Part of growing up is coming to terms with big questions and what the answers mean for your life. I was raised by two faithful Christian parents, who were each raised by two faithful Christian parents of their own. I come from a legacy of people with strong convictions and rock-solid foundations of truth. I went to church every Sunday and youth group every Sunday night nearly my entire life. And yet, I doubt.

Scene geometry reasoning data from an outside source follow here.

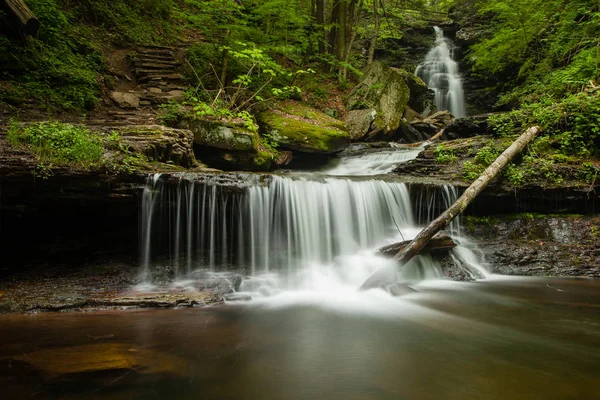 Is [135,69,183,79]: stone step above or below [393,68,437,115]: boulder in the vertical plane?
below

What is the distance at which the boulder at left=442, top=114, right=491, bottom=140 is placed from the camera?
10.9 metres

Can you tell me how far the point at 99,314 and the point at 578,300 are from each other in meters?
7.05

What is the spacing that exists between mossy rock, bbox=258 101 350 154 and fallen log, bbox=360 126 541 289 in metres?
4.95

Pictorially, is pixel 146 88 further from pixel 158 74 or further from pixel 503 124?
pixel 503 124

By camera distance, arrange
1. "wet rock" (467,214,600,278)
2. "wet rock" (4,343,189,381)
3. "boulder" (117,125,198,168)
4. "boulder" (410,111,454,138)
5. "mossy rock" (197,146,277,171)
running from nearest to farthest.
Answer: "wet rock" (4,343,189,381)
"boulder" (117,125,198,168)
"wet rock" (467,214,600,278)
"mossy rock" (197,146,277,171)
"boulder" (410,111,454,138)

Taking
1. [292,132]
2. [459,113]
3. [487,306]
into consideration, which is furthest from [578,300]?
[459,113]

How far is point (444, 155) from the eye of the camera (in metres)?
9.59

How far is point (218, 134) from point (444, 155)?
6185mm

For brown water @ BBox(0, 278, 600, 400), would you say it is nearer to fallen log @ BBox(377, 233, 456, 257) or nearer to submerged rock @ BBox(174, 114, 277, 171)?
fallen log @ BBox(377, 233, 456, 257)

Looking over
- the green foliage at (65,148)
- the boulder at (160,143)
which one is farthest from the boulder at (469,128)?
the green foliage at (65,148)

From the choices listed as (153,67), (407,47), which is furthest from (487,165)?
(407,47)

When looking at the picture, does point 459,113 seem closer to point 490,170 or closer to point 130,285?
point 490,170

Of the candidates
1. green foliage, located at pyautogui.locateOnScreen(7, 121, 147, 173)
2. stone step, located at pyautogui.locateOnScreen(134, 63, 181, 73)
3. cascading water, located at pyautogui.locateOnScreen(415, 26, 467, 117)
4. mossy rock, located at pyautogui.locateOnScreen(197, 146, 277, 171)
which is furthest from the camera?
cascading water, located at pyautogui.locateOnScreen(415, 26, 467, 117)

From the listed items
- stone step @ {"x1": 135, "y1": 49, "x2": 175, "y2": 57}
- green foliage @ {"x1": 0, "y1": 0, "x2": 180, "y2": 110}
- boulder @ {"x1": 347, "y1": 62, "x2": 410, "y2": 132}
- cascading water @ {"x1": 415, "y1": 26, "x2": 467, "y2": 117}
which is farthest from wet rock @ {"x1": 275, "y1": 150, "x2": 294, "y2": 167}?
cascading water @ {"x1": 415, "y1": 26, "x2": 467, "y2": 117} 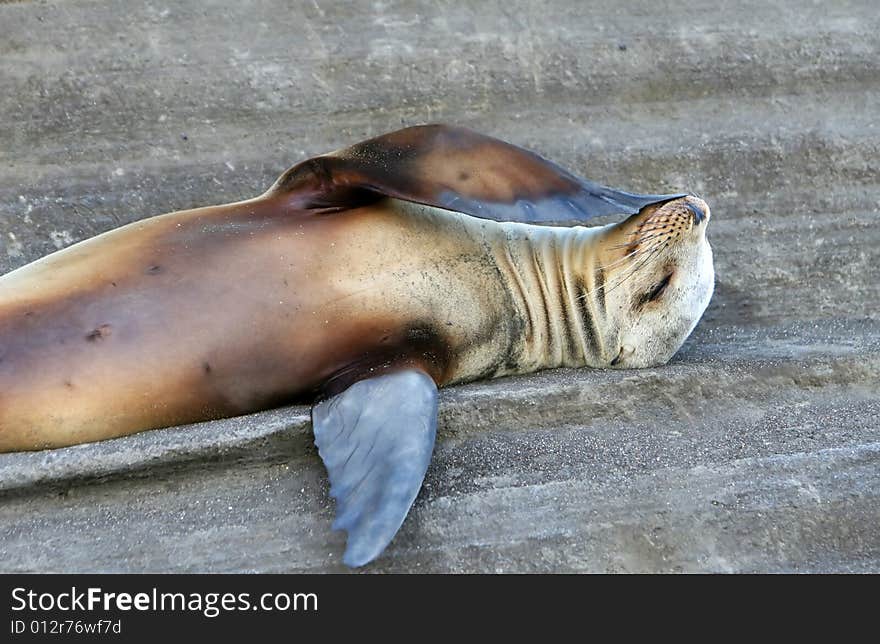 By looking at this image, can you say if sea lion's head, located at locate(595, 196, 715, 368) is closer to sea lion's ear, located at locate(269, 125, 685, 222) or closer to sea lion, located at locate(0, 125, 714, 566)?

Ever since I could read, I had questions. Really, even before that- I’ve been questioning authority since I learned to talk. “Why?” I would ask my mom and dad, “why do I have to eat my broccoli?” “Why do I have to go to school?” “Why do I have two little brothers and no sisters?” My grandparents like to tell stories of my defiant personality as a toddler. Once, after playing with a new baby doll my Nana had bought to be played with at her house, I tried to take the baby home with me. She stopped me at the door and asked me to leave it there. I hugged the baby doll close and said, “share Nana, share!” I clearly understood the concept, asserting my own understanding above the authority in front of me. My grandmother of course laughed, but took the baby back anyway.

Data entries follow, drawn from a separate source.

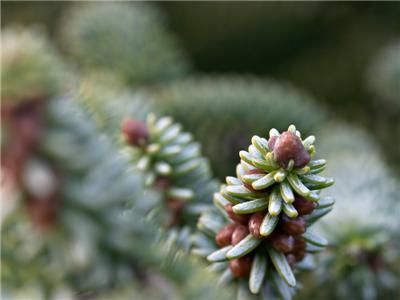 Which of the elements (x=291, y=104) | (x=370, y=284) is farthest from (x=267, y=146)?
(x=291, y=104)

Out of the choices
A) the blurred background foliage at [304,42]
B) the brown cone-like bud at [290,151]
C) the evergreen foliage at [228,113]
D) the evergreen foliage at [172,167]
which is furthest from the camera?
the blurred background foliage at [304,42]

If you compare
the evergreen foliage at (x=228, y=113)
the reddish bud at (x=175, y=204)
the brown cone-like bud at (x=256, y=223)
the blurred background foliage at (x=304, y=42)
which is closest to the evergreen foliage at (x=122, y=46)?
the evergreen foliage at (x=228, y=113)

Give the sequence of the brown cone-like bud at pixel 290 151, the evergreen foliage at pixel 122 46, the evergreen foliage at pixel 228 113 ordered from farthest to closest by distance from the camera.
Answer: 1. the evergreen foliage at pixel 122 46
2. the evergreen foliage at pixel 228 113
3. the brown cone-like bud at pixel 290 151

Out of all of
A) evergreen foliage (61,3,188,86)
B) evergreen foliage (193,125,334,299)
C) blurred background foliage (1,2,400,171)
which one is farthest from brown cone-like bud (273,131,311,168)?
blurred background foliage (1,2,400,171)

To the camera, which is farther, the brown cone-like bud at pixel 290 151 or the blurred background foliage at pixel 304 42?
the blurred background foliage at pixel 304 42

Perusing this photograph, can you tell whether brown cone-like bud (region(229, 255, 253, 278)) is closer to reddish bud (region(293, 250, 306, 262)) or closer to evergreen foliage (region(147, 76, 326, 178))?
reddish bud (region(293, 250, 306, 262))

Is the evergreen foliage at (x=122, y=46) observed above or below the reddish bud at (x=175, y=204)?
above

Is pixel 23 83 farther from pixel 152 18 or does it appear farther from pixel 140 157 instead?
pixel 152 18

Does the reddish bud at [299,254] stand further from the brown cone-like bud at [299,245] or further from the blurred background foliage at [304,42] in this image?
the blurred background foliage at [304,42] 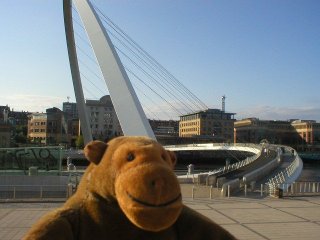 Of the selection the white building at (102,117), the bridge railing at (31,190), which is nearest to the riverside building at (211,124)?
the white building at (102,117)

As I got older, my questions became more complex, as did the answers. Sometimes, I couldn’t even find the answer to satisfy my question, no matter how fervent my search. “Why does God let horrible things happen?” “Why do some Christians do horrible things in the name of God?” “Is there more to life than this, than what I can see?” Often, I wasn’t satisfied with the standard answers spouted at youth group or Sunday School. I asked my dad, one of the smartest people I know, who has a doctorate in theology and a seminary degree. Sometimes, even he didn’t know, or his answer wouldn’t make sense to me. I prayed for answers, read theological texts and scripture, discussed with other believers and non-believers alike. I wanted clarity, concrete answers to my big questions. To this day, it has yet to come.

Can we be faithful while still having doubt?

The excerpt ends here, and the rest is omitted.